"Let S be an uncountable subset of R. Prove that S must have infinitely many accumulation points. Must it have uncountably many?"
This question was already asked on this website before. I have some difficulty in understanding the proof. Here is the accepted answer:
Let $T$ be the set of elements of $S$ that are not accumulation points of $S$. Then for each $x \in T$ there exists $\epsilon > 0$ such that the interval $I(x,\epsilon) = (x-\epsilon,x+\epsilon)$ contains no other points of $S$. The intervals $\{I(x,\epsilon/2) | x\in T\}$ are disjoint, and each contains a rational number; so there can only be a countable number of them.
Hence $T$ is countable, and the set of accumulation points of $S$, which contains $S-T$, is uncountable.
Must an uncountable subset of R have uncountably many accumulation points?
I can not understand why:
The intervals $\{I(x,\epsilon/2) | x\in T\}$ are disjoint.
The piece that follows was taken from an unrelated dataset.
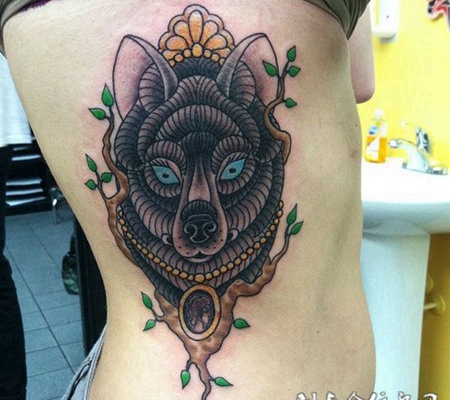 身侧的狼头纹身图案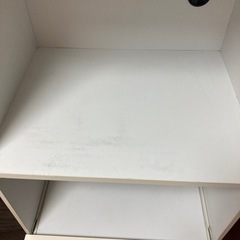 食器棚の画像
Second question: Each $I(x,\epsilon)$ contains a rational number due to the denseness of $\mathbb{Q}$ in $\mathbb{R}$ but why does it imply that there is only countable number of them.
Thanks a lot.
I don't see why the intervals should be disjoint. But there is a better proof: $\mathbb{R}$ has a countable base $B_n, n \in \mathbb{N}$, namely all open intervals with rational endpoints (we can enumerate $\mathbb{Q} \times \mathbb{Q}$ using the natural numbers), and for every open set $O$ of the reals and every $x \in O$ we can find some $n$ such that $x \in B_n \subseteq O$.
Now for every $x \in T$ we have thus some $n(x)$ such that $x \in B_{n(x)}$ and $B_{n(x)} \cap S = \{x\}$ (the intersection with $S$ contains at most $x$, but contains $x$ as $T \subseteq S$).
Then the function $f: T \to \mathbb{N}: x \to n(x)$ is injective: suppose for $x,y \in T$ we have $n(x) = n(y)$, set $B=B_{n(x)}=B_{n(y)}$ then $B \cap S = \{x\}$ while also also $B \cap S = \{y\}$, by the defining conditions on $B_{n(x)}$, resp. $B_{n(y)}$. This clearly implies that $x=y$ and so $f$ is injective and a set $T$ mapping injectively into $\mathbb{N}$ is at most countable.
So $S\setminus T$ is uncountable and by definition consists of accumulation ponts of $S$ (rather, limit points).